Posted by Brian Goodman on March 12th, 2016


Three key takeaways.

Buddy Hield's buzzer-beating three was a fraction of a second late, nullifying the crazy celebration it sparked.

Buddy Hield’s buzzer-beating three was ruled to be fraction of a second late, nullifying the celebration it sparked just behind Press Row.

  1. Buddy Hield and the terrible, horrible, no-good, very bad day. The National Player of the Year candidate had arguably his worst game of the year in more ways than one. Having played 152 of his team’s last 160 minutes, Hield wasn’t at 100 percent and it showed as he struggled to a 1-of-8 performance from the floor, but he had an opportunity to redeem himself in the game’s closing seconds. After West Virginia’s Jonathan Holton hit the back end of two free throw attempts to put West Virginia ahead by two points with one second left, Oklahoma had one last chance to tie the game or take the lead. Hield broke free from his defender, caught the inbounds pass and started up the sideline, hoisting a three from 50 feet away just as the buzzer sounded. The shot miraculously banked in, seemingly giving Oklahoma the victory and catapulting Hield into the stands to celebrate. After further review by the officials, though, the party was broken up and the bucket was overturned. Jubilation among the Sooners quickly transferred to the Mountaineers as the crowd buzzed in equal parts shock and delight. The absence of another game this weekend for Oklahoma could be a blessing in disguise, though, as it gives the Sooners another day of rest before the NCAA Tournament starts next week. The drama of March certainly hit Oklahoma’s star very hard on this night.
  2. West Virginia gets hot from deep. The Mountaineers will never be mistaken for a team that blinds opponents with their spacing, but they can get hot from outside and they did so tonight. Led by Jevon Carter’s 6-of-9 three-point shooting performance, West Virginia regularly found open shooters on its way to a 45.5 percent clip, the eighth time this season in which they eclipsed 40 percent from distance. The Mountaineers’ preferred style of offense is to create high-percentage looks generated by their press, but the added wrinkle of a perimeter game worthy of respect could raise this team’s ceiling once the brackets are unveiled on Sunday.
  3. There was more to the finish than the buzzer-beater that wasn’t. Between Hield’s struggles and West Virginia’s hot shooting, the Mountaineers built a 12-point lead with seven minutes left, but the Sooners rallied to create a back-and-forth contest over the last three minutes. Hield’s desperation heave twas a product of two key plays in just the last five seconds. With four ticks remaining and his team down by one, Christian James drove for a layup that would have given the Sooners the lead, but he shockingly missed the high-percentage look, which was rebounded by Holton. After Holton was fouled, he missed the first free throw to keep the lead at one with just one second remaining. Rather than intentionally missing the second free throw to significantly reduce the chance of Oklahoma getting a clear look, though, Holton hit the second free throw, setting the drama of the final play into motion. Fortunately for Holton and the Mountaineers, Hield’s three was ultimately waved off, but it’s always interesting to look back and see how one play — James’ botched layup, in this case — changes the complexion of a game.

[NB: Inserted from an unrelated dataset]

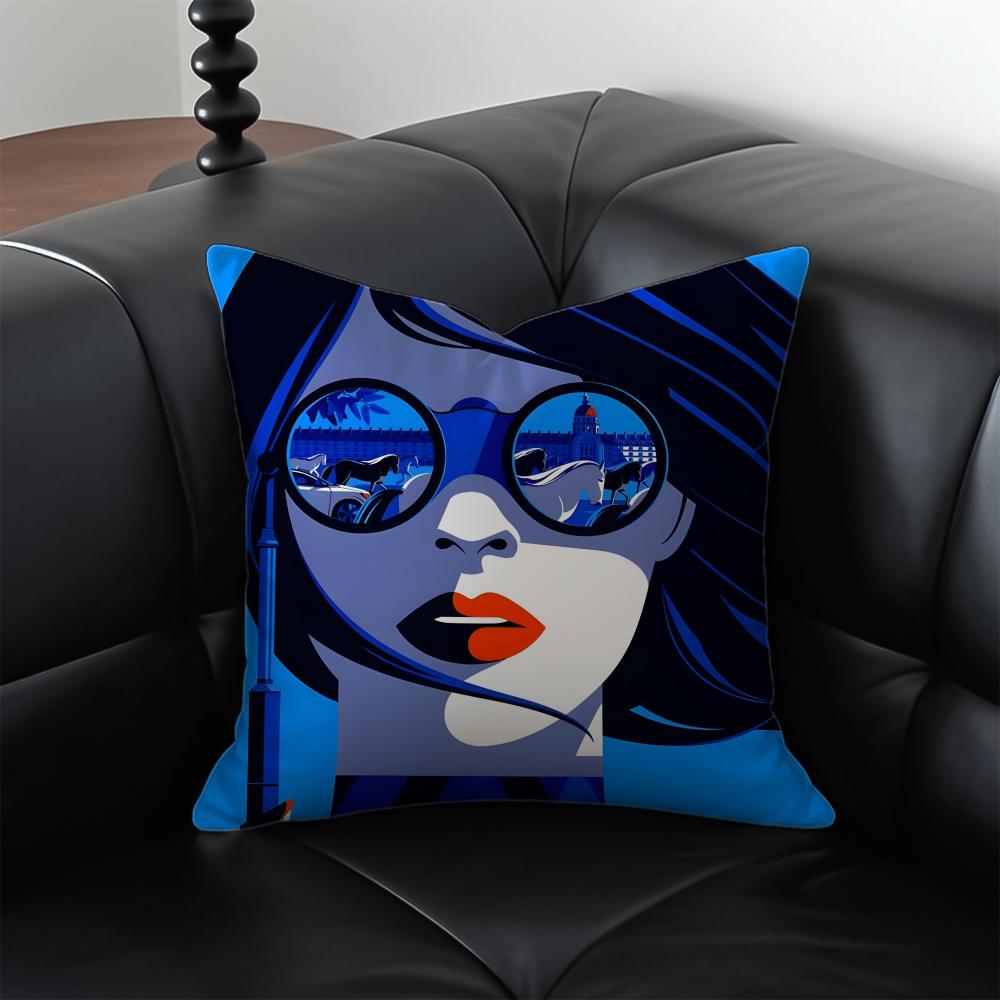 M-Malika Favre Ant Vantage Simple Cushion Cover Pillow Case Anti-Dustmite Invisible Zipper Silky Plush Cushion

Star of the Game: Jevon Carter. Shot-making was at a premium for West Virginia with the Mountaineers hitting just 38.3 percent of their attempts. Without Carter’s hot hand through most of the night, it would have been even worse. The sophomore played arguably the best game of his career, exploding for 26 points while the next-closest scorer contributed just 10. While Jaysean Paige is the Mountaineers’ leading scorer, one of the reasons why West Virginia is so hard to scout is because any of a number of players can go off on any given night. Carter happened to be that guy tonight, and it’s the reason why the Mountaineers have a chance to win their first Big 12 Tournament on Saturday.


  • “Just confidence. Seniors got me through it, because I had never been there on that big of a stage. Just giving me confidence to know they believe in me and my coach believes in me, so I tried to go out there and make plays.” – Christian James, on his increased playing time down the stretch. James, a seldom-used freshman, played 17 minutes, including the last 12:30 as starter as Jordan Woodard struggled to get going in the second half. Though James missed an easy go-ahead layup, the experience gained tonight should prove valuable as the Sooners look to rebuild next season.

Sights and Sounds: Despite the relatively late tip time, many fans from the earlier semifinal game between Kansas and Baylor stuck around to see two top-10 teams do battle. While some of those neutral fans headed for the exits as the night wore on, huge swaths of Sooners and Mountaineers faithful rooting for their respective teams did not. The result was one of the most raucous atmospheres for a game between two programs whose fans normally don’t show out well for the Big 12 Tournament. Those still in the building at the end were treated to an epic finish.

What’s Next: The loss is a bitter pill to swallow for Oklahoma, but because of West Virginia’s relative strength, the Sooners could still receive a #1 seed on Sunday evening. On the other side of the coin, the Mountaineers will move on to the Big 12 championship game to try to rediscover the defensive effort that beat Kansas in Morgantown on January 12.